* [What you need to do]
Would it be possible to output exactly, and only, the lines below from the one holding "速干面料的金标阿迪的短袖，正红色，基本全新，喜欢的宝来捡漏吧" to the last line, both included, with every picture left out?
▼
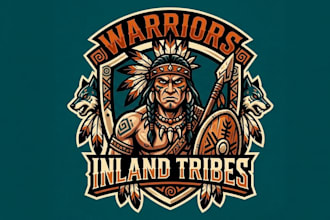 make wonderful new style warriors inland tribes mascot logo design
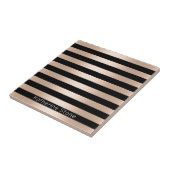 Elegantes modernes Küken-Rosen-Goldschwarzes Fliese (Seite)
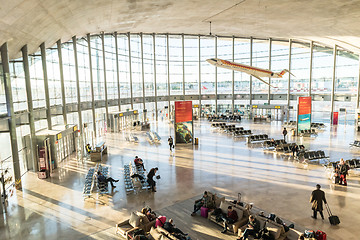 Image showing People waiting for their flight at departure terminal of Valencia Airport in Manises, also known as Manises Airport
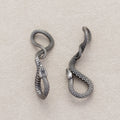 Launch Promo: Stainless Steel Textured Serpent Snake Animal Pendant | Sold Each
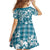 Hibiscus Pakala Ocean Depths Blue Family Matching Off Shoulder Short Dress and Hawaiian Shirt Tropical Floral Stylized - Polynesian Pride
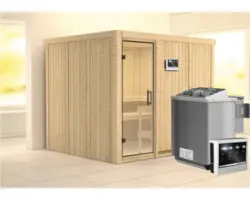 Elementsauna Karibu Gobina inkl. 9 kW Bio Ofen u.ext.Steuerung ohne Dachkranz mit Ganzglastüre aus Klarglas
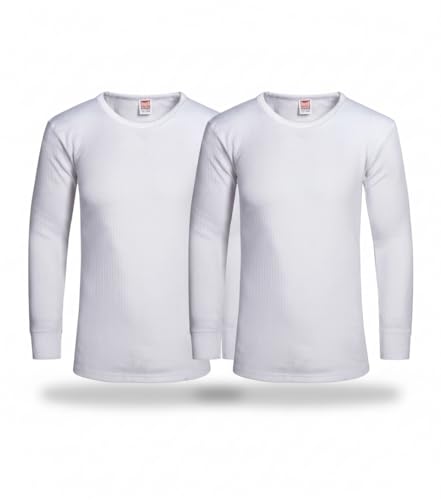 Mens Thermal 2 Pack Underwear Vests Long Sleeve Tops, Thermal T-Shirt Warm Underlayer Winter Thermals Base Layer Clothing Men Vest Top Size S-XXL (XL White)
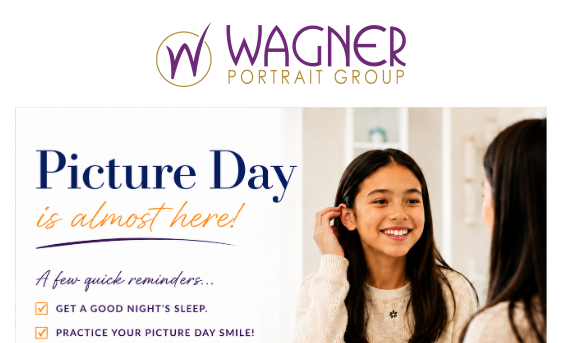 An advertisement shows two girls, one smiling and another looking on. Text reads, "Picture Day is almost here! A few quick reminders..."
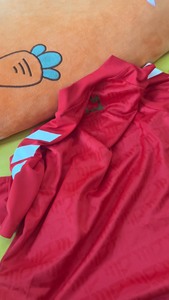 速干面料的金标阿迪的短袖，正红色，基本全新，喜欢的宝来捡漏吧
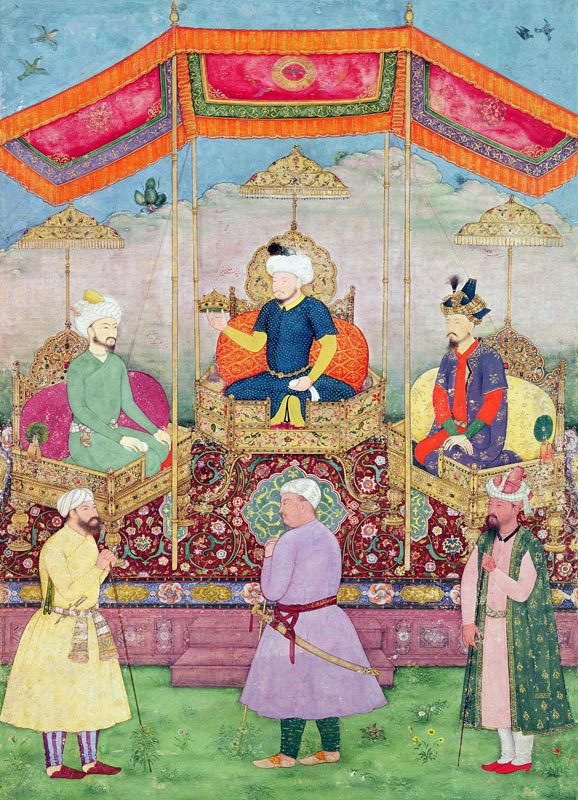 Mughal Emperor Babur and his son, Humayan, Indian miniature from Rajasthan od Dip Chand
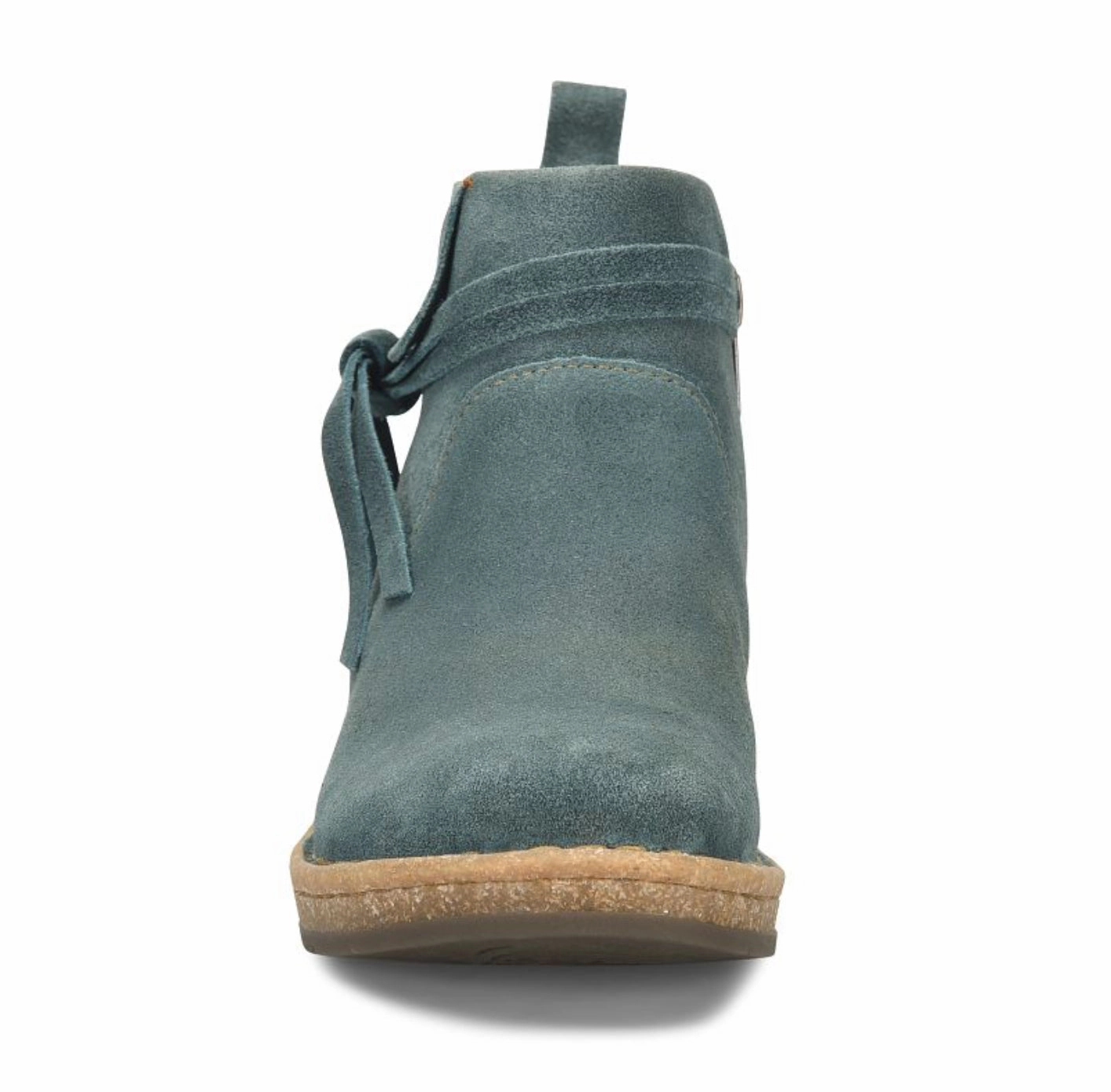 Lightweight Comfortable Stretch Born Women's Vaughn Teal Blue (Ottanio) Distressed Suede Leather Wedge Shoe BR0062321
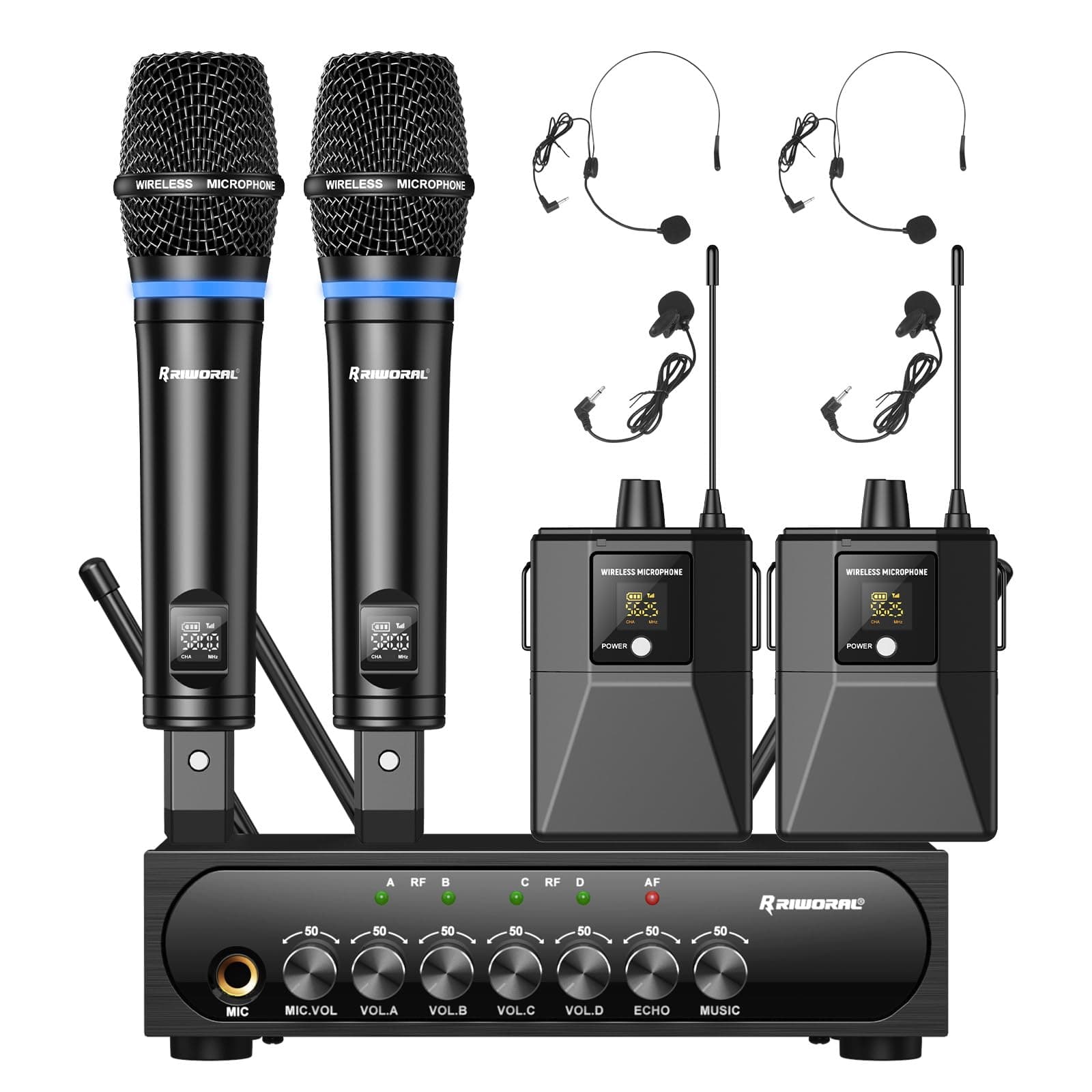 4 Channel UHF Wireless Mic Set with Handheld/Bodypack/Headset/Lapel Mics with Bluetooth Receiver Box + Volume Control Echo for Karaoke PA DJ Party (Wireless Microphone System)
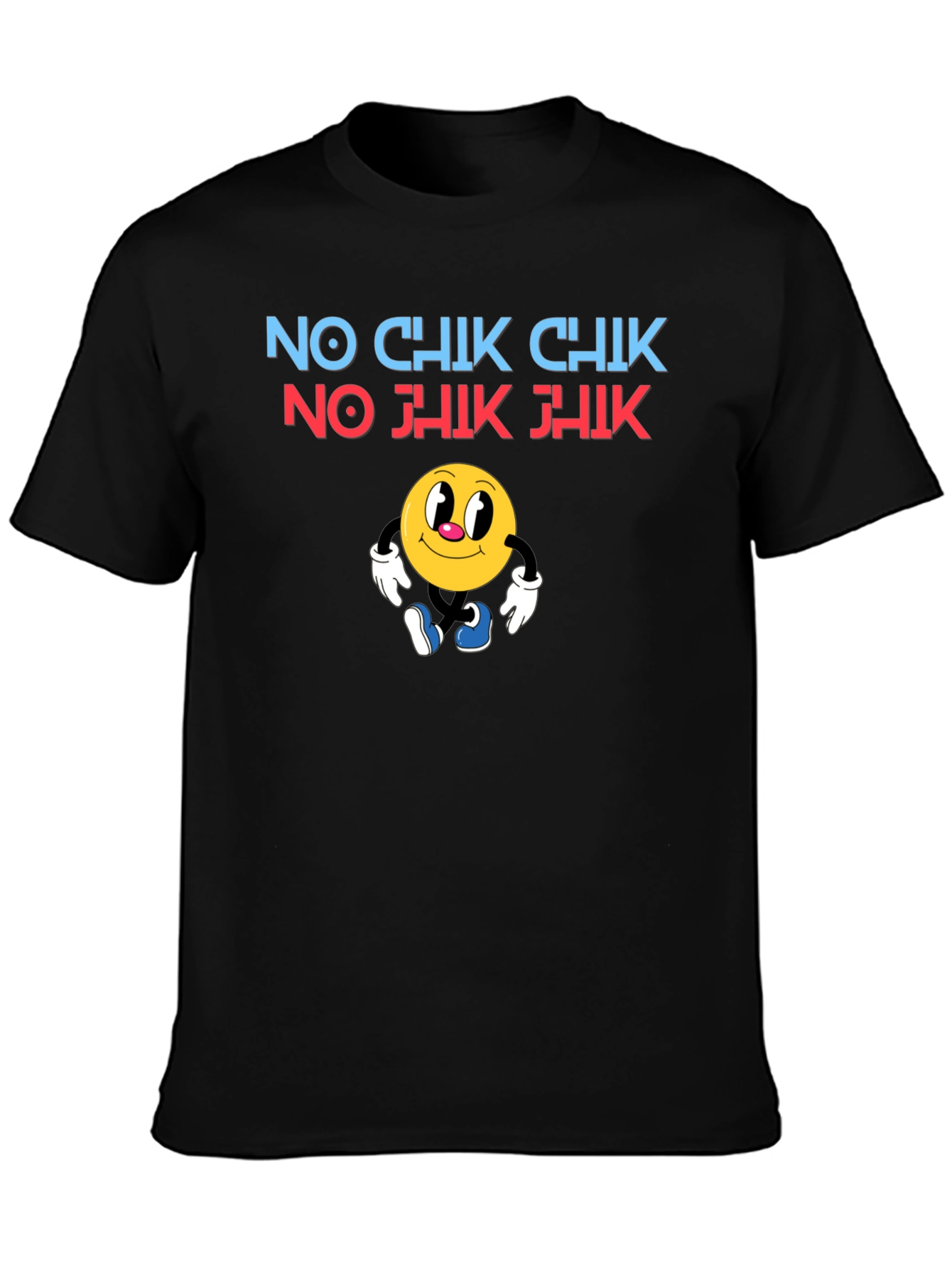 Black No Chik Chik T-Shirt - Classic Cartoon Style view 3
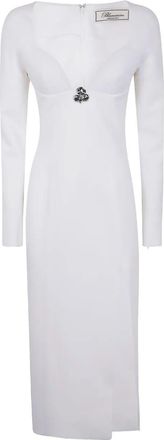 Blumarine V Neck Midi Crepe Double Dress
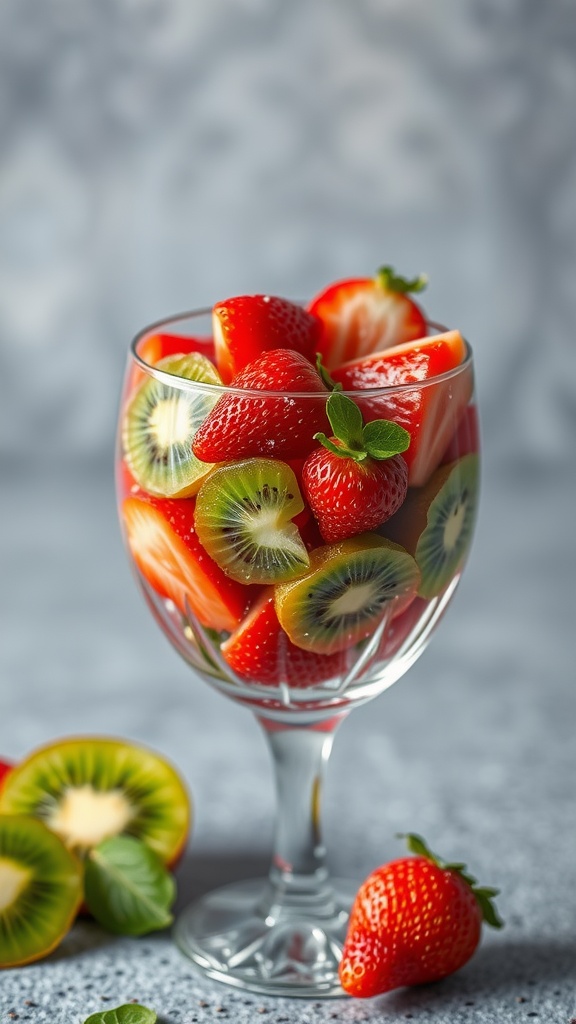 A refreshing kiwi and strawberry fruit salad served in a glass.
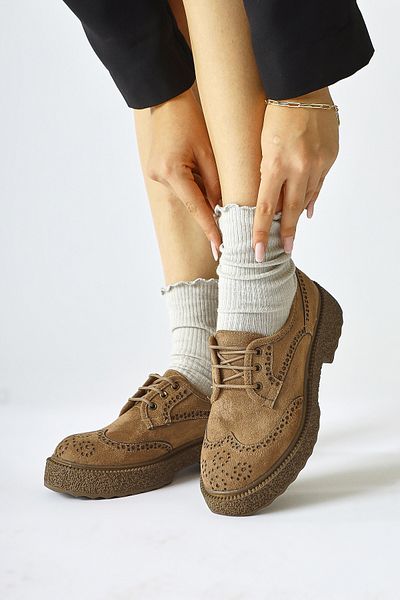 Limoya Rossy Mink Suede Oval Toe Laser Cut Women's Casual Shoes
▲
* [Written solution]
 速干面料的金标阿迪的短袖，正红色，基本全新，喜欢的宝来捡漏吧
 Mughal Emperor Babur and his son, Humayan, Indian miniature from Rajasthan od Dip Chand
 Lightweight Comfortable Stretch Born Women's Vaughn Teal Blue (Ottanio) Distressed Suede Leather Wedge Shoe BR0062321
 4 Channel UHF Wireless Mic Set with Handheld/Bodypack/Headset/Lapel Mics with Bluetooth Receiver Box + Volume Control Echo for Karaoke PA DJ Party (Wireless Microphone System)
 Black No Chik Chik T-Shirt - Classic Cartoon Style view 3
 Blumarine V Neck Midi Crepe Double Dress
 A refreshing kiwi and strawberry fruit salad served in a glass.
 Limoya Rossy Mink Suede Oval Toe Laser Cut Women's Casual Shoes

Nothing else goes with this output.